Solutions to Optimization Problems

In linear programming, the solutions of an optimization problem form a set known as the feasible region.

The feasible region is a polyhedron P in space.

If the objective is to minimize costs, we write:

$$ \min_{ \forall x \in P} f(x) = c^T x $$

Within the feasible region P, there may exist an optimal solution x*.

What do we mean by an optimal solution?

An optimal solution to the problem is a point x* in P such that

$$ c^Tx* \le c^Tx \:\:\:\text{ for every } x \in P$$

A practical example

Consider an optimization problem with the following objective function:

$$ \min z(x) = x_1 + 2x_2 $$

subject to the constraints:

$$ \begin{cases} 6x_1+8x_2 \le 30 \\ -2x_1+3x_2 \le 6 \\ x_1+4x_2 \ge 4 \\ x_1 \ge 0 \\ x_2 \ge 0 \end{cases} $$

We can represent the optimization model on the Cartesian plane.

This allows us to visualize the feasible region geometrically.

Note. If the feasible region does not exist, the solution set is empty ( P=ø ) and the problem is infeasible. In that case we write z*=+∞.

How do we find the solution?

We can either solve the linear system algebraically or determine the solution graphically.

On the diagram, we add the cost gradient.

The gradient is simply the cost vector c^T: $$ c = \begin{pmatrix} 1 \\ 2 \end{pmatrix} \\ c^T = ( 1 , 2 ) $$

The solution is the point x* in the polyhedron P that yields the lowest value of z(x), lying on the line perpendicular to the gradient.
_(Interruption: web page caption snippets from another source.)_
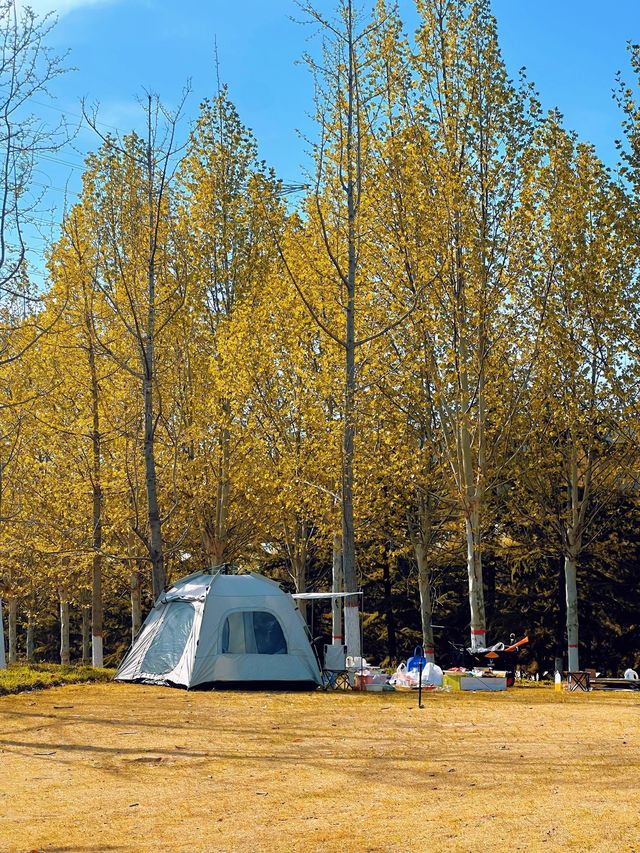 鄭州親子遊天花板!蝶湖公園秋日童話攻略 鄭州親子遊天花板!蝶湖公園秋日童話攻略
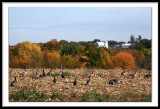 Kasson Road in October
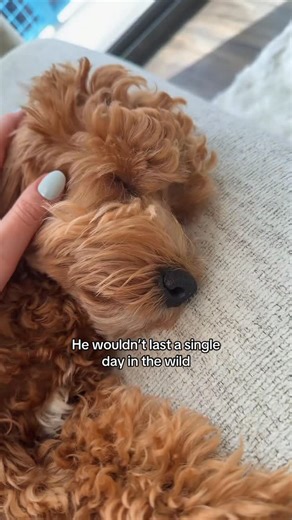 Theo the Cockapoo on Instagram: "16 pounds of fluff he’d be DOOMED #cockapoopuppy #cockapoocute #cutestdogever #funnydogsofinstagram #doodlesofinsta"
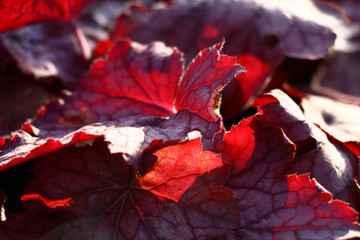 Red leaves of a heuchera in beams of the winter morning sun. Play of light and shadow.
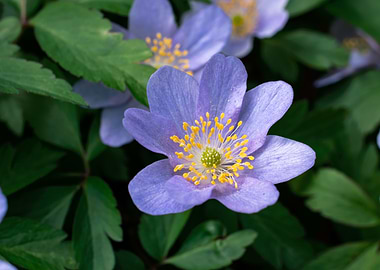 Purple blue wood anemone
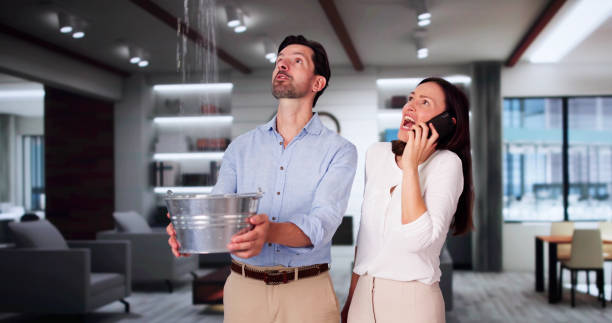 Best 24/7 water damage repair  in Prophetstown, IL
Note. If the feasible region exists but no optimal point x* can be identified, the problem is unbounded below. For every feasible solution x∈P there is always another with a smaller objective value. In this case, no optimal solution exists and we write z*=-∞.

The optimization problem in standard form

An optimization problem is in standard form


• if the objective function is a minimization function.
• if the solution set P is a non-empty polyhedron in standard form.

Example

The system above

$$ \begin{cases} \min z(x) = x_1 + 2x_2 \\ \\ 6x_1+8x_2 \le 30 \\ -2x_1+3x_2 \le 6 \\ x_1+4x_2 \ge 4 \\ \\ x_1 , x_2 \ge 0 \end{cases} $$

in standard form becomes

$$ \begin{cases} \min z(x) = x_1 + 2x_2 \\ \\ 6x_1+8x_2 +x_3 = 30 \\ -2x_1+3x_2 +x_4 = 6 \\ x_1+4x_2 -x_5 = 4 \\ \\ x_1, x_2, x_3,x_4,x_5 \ge 0 \end{cases} $$

Why use standard form?

Standard form introduces useful geometric properties that make it easier to analyze and solve optimization problems.

• If a direction d of the polyhedron satisfies c^Td < 0, the problem is unbounded below.

  A problem is unbounded below if it admits no optimal solution, since every feasible solution can always be improved upon. Here is a practical example.

Basic solutions and vertices of the polyhedron

From a geometric standpoint, solutions occur at the vertices of the polyhedron. These are called basic solutions.

Not every basic solution, however, is feasible.

Among them, we must identify the basic feasible solutions (BFS) and discard those that are not.